● **YOUR ASSIGNMENT**
Once the pictures are set aside, transcribe each line of the data exactly.

● **PROVIDED MATERIAL**
_ _ _ _ _

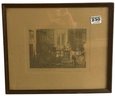 Antique Signed Wallace Nutting Print In Frame, 'An Old Time Romance', Frame 12.75'W X 10.5'H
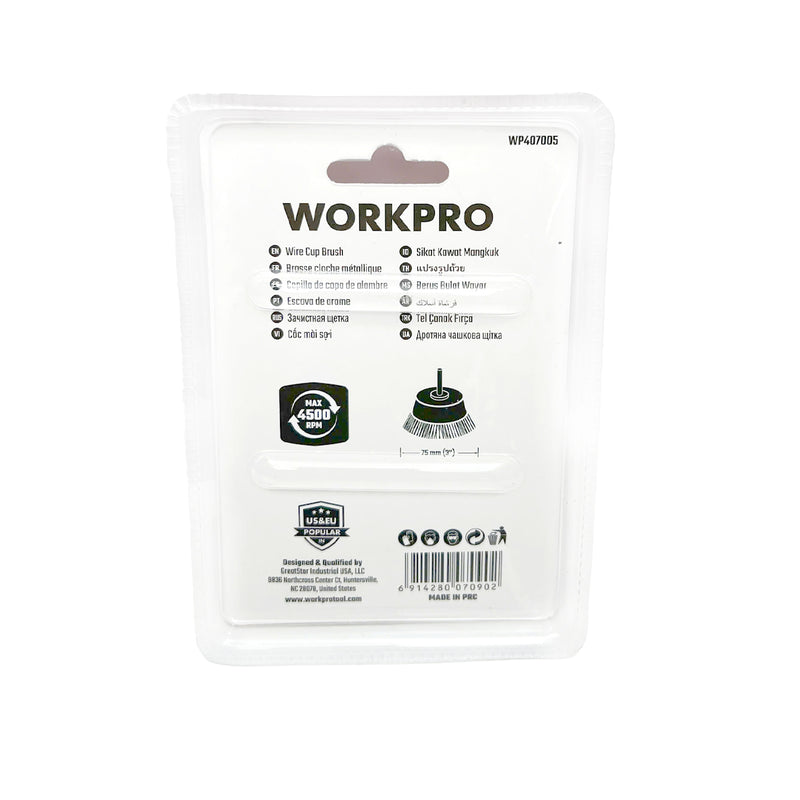 Chổi cước sợi thép màu vàng gắn đầu máy khoan Workpro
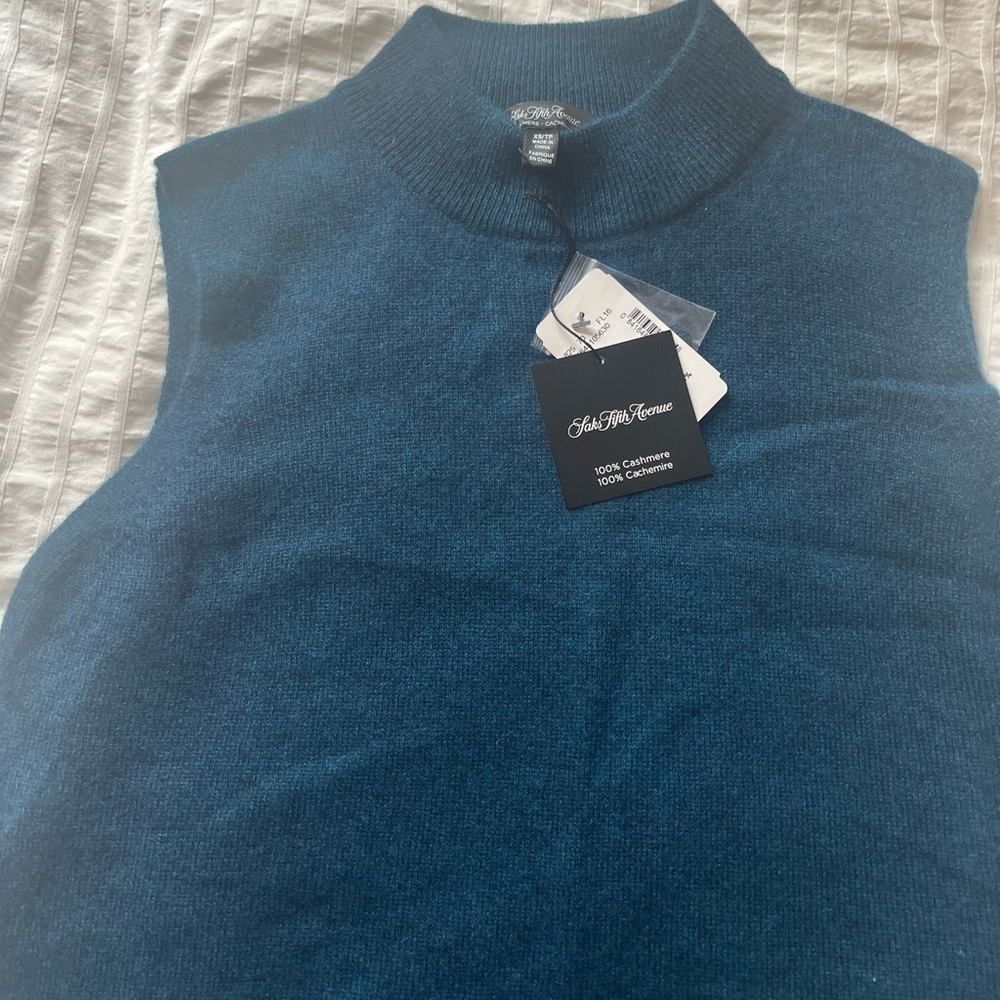 MOVING sale! Saks Fifth Ave 100% cashmere mock neck sweater - Picture 3 of 7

_ _ _ _ _

● **RESPONSE**
 Antique Signed Wallace Nutting Print In Frame, 'An Old Time Romance', Frame 12.75'W X 10.5'H
 Chổi cước sợi thép màu vàng gắn đầu máy khoan Workpro
 MOVING sale! Saks Fifth Ave 100% cashmere mock neck sweater - Picture 3 of 7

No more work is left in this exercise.